YAML Metadata Warning: empty or missing yaml metadata in repo card (https://huggingface.co/docs/hub/model-cards#model-card-metadata)
---
library_name: transformers
tags:
- sindhi
- nlp
- qwen
- tokenizer-extension
- low-resource-languages
- unigram
language:
- sd
- en
base_model: Qwen/Qwen2.5-7B
---
# Qwen2.5-7B Sindhi Tokenizer Extension (20k Unigram)
## Model Details
### Model Description
This is an optimized tokenizer extension for **Qwen2.5-7B**, specifically engineered to enhance performance for the **Sindhi language**. Developed as part of a Master's thesis research project, this model expands the native Qwen vocabulary with **20,000 unique Sindhi tokens** derived from a custom SentencePiece Unigram model.
- **Developed by:** Kashif Ali Turk
- **Supervised by:** Dr. Tafseer Ahmed
- **Model type:** Tokenizer Extension / Vocabulary Expansion
- **Language(s) (NLP):** Sindhi (Primary), English (Base)
- **Finetuned from model:** Qwen/Qwen2.5-7B
## Uses
### Direct Use
This tokenizer serves as a drop-in replacement for the default Qwen2.5 tokenizer when processing Sindhi text.

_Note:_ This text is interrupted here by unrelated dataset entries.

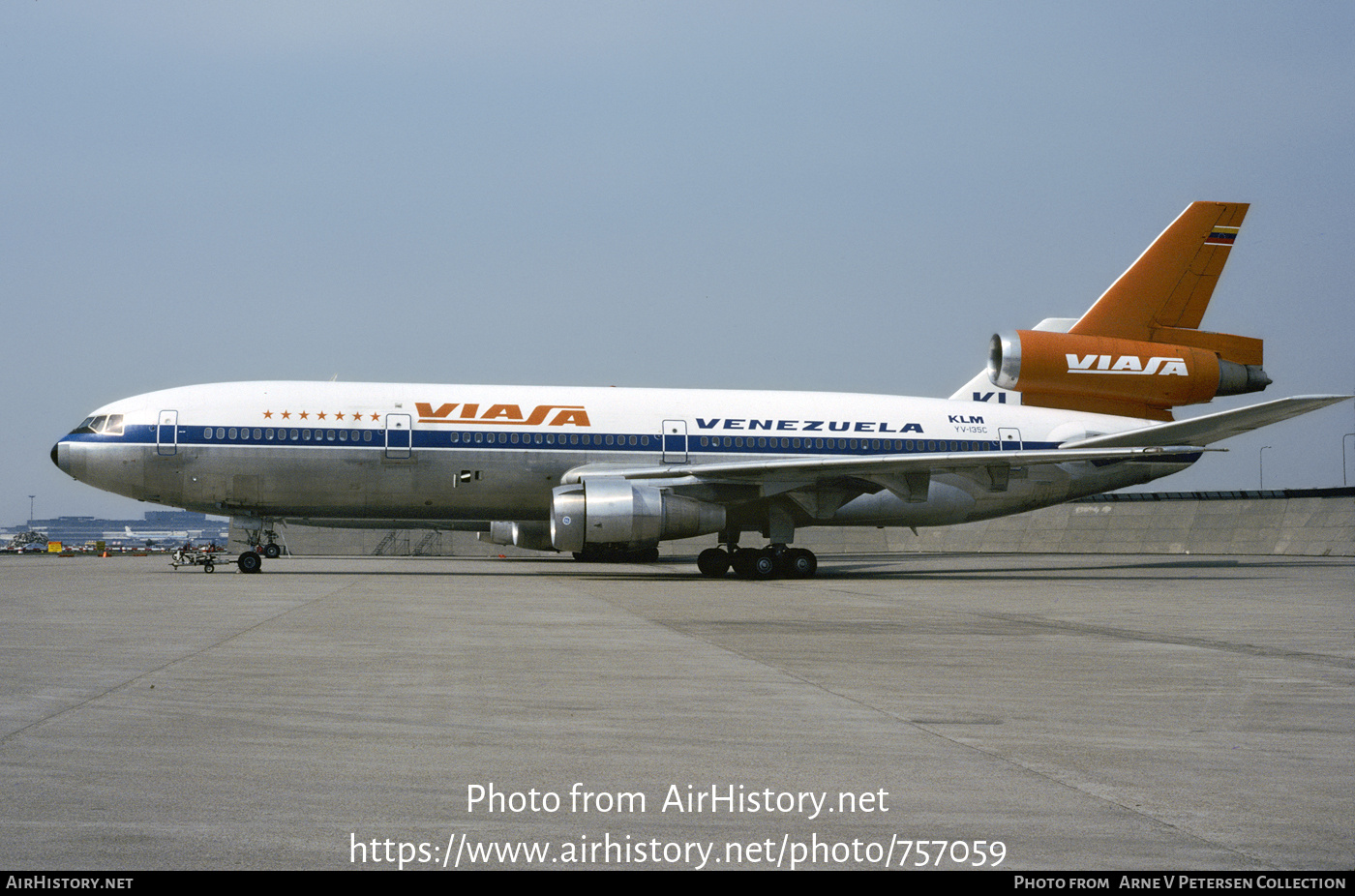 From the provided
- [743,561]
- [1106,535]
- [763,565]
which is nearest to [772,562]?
[763,565]

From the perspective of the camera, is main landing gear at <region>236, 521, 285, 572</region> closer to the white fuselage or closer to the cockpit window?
the white fuselage

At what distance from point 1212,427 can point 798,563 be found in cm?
881

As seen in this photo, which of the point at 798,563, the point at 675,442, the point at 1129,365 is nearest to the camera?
the point at 798,563

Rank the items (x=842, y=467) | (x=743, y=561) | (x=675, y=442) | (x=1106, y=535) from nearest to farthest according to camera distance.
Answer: (x=842, y=467)
(x=743, y=561)
(x=675, y=442)
(x=1106, y=535)

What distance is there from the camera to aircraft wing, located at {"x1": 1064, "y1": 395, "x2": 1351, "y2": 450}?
2252 cm

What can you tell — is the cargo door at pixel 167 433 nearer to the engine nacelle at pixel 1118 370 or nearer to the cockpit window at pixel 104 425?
the cockpit window at pixel 104 425

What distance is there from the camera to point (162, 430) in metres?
23.2

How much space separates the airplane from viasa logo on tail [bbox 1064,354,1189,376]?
47mm

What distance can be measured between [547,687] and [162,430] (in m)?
18.0

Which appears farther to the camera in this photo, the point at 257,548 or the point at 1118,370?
the point at 1118,370

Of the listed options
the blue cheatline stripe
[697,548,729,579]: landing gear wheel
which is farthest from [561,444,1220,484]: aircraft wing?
[697,548,729,579]: landing gear wheel

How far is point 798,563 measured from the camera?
79.0ft

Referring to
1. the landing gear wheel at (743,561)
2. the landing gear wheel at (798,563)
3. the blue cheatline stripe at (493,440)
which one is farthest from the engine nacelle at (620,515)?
the landing gear wheel at (798,563)

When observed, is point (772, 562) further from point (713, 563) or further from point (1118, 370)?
point (1118, 370) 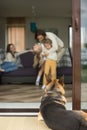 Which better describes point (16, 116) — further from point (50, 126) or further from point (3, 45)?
point (3, 45)

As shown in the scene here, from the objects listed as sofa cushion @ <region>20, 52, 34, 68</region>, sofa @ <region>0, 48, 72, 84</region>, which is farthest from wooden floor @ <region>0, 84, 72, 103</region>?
sofa cushion @ <region>20, 52, 34, 68</region>

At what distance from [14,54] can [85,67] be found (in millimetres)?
3945

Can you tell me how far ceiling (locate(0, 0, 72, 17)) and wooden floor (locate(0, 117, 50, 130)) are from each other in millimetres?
5189

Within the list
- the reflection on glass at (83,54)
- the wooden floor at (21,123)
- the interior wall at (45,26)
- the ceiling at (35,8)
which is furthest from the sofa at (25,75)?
the interior wall at (45,26)

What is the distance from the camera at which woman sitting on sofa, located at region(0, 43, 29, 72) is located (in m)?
7.62

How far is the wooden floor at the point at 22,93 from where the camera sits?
18.1ft

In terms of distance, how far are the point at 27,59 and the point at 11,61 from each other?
45 cm

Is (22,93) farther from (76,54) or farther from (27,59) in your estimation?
(76,54)

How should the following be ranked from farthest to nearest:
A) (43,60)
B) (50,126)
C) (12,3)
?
(12,3)
(43,60)
(50,126)

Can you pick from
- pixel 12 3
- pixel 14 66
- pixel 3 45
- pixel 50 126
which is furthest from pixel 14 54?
pixel 50 126

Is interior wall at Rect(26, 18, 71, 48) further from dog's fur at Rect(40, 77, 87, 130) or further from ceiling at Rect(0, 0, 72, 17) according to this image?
dog's fur at Rect(40, 77, 87, 130)

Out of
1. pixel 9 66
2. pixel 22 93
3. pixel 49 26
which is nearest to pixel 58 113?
pixel 22 93

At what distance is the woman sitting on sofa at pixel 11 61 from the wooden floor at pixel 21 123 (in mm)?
3392

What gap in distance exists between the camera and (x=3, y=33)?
1180 cm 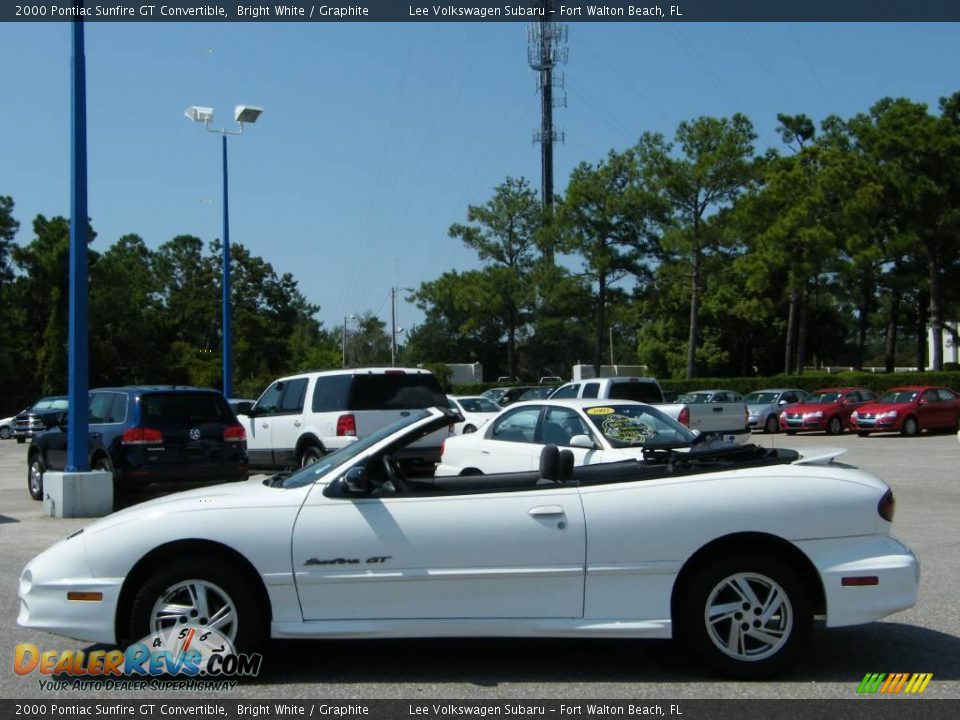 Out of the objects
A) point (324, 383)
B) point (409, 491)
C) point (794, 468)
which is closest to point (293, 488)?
point (409, 491)

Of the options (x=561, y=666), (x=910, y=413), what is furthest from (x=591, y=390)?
(x=561, y=666)

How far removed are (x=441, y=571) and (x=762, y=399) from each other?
31.6 m

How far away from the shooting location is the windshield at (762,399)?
115 ft

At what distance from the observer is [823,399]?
109 feet

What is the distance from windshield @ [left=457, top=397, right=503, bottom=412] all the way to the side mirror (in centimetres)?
2196

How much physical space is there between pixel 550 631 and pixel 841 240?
135ft

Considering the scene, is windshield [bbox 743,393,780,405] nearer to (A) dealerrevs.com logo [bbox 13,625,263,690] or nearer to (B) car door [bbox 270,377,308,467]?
(B) car door [bbox 270,377,308,467]

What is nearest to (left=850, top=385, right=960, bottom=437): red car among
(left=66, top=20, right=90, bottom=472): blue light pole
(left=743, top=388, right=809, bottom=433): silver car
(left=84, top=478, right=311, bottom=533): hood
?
(left=743, top=388, right=809, bottom=433): silver car

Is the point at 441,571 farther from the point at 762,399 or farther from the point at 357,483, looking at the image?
the point at 762,399

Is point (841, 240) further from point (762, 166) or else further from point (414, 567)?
point (414, 567)

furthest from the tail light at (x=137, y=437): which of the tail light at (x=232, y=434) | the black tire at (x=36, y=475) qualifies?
the black tire at (x=36, y=475)

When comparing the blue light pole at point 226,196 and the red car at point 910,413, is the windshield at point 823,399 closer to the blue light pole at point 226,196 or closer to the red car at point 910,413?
the red car at point 910,413

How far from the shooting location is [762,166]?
4416 centimetres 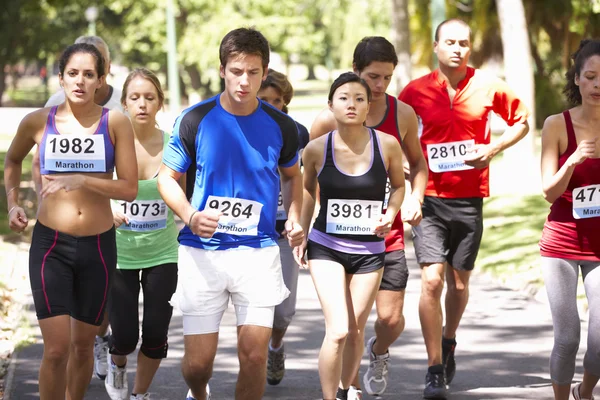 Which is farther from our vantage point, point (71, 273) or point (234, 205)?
point (71, 273)

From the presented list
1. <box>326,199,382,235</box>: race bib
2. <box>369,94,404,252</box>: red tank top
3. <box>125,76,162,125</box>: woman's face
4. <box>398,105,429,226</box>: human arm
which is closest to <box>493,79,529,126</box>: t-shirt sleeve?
<box>398,105,429,226</box>: human arm

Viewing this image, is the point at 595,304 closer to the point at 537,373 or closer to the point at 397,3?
the point at 537,373

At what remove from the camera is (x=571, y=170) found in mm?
5508

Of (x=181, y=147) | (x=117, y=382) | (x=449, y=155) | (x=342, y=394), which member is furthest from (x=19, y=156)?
(x=449, y=155)

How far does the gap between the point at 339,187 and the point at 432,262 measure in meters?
1.39

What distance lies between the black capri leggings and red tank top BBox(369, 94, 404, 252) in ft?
4.22

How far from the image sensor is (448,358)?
286 inches

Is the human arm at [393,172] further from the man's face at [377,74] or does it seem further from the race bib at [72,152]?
the race bib at [72,152]

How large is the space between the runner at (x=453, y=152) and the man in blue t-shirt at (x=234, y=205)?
190 cm

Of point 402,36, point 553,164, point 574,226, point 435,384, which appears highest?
point 402,36

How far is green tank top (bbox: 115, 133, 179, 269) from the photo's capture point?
6.36 meters

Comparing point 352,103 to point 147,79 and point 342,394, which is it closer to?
point 147,79

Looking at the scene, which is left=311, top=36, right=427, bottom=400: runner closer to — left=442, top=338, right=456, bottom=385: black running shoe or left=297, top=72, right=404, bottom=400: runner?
left=297, top=72, right=404, bottom=400: runner

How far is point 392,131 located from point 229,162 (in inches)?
61.4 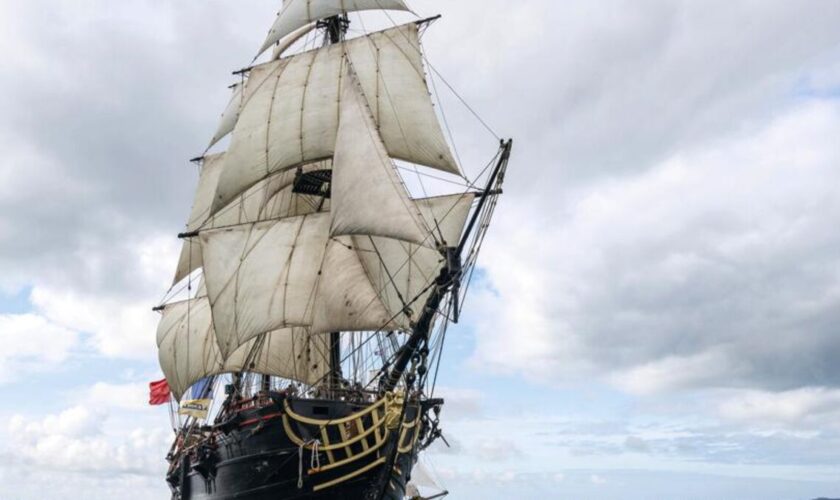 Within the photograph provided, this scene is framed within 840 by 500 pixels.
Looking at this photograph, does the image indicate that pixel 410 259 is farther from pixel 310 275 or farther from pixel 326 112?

It is designed for:
1. **Efficient Tokenization**: Reducing the sequence length of Sindhi text for faster inference and lower memory consumption.
2. **Continual Pre-training**: Providing a structured vocabulary for aligning new Sindhi embeddings.
3. **Advanced NLP Tasks**: Improving model performance on Sindhi-specific summarization, translation, and sentiment analysis.
### Out-of-Scope Use
- This repository contains **tokenizer files only**. It does not include trained model weights for the new tokens; these must be initialized and trained separately.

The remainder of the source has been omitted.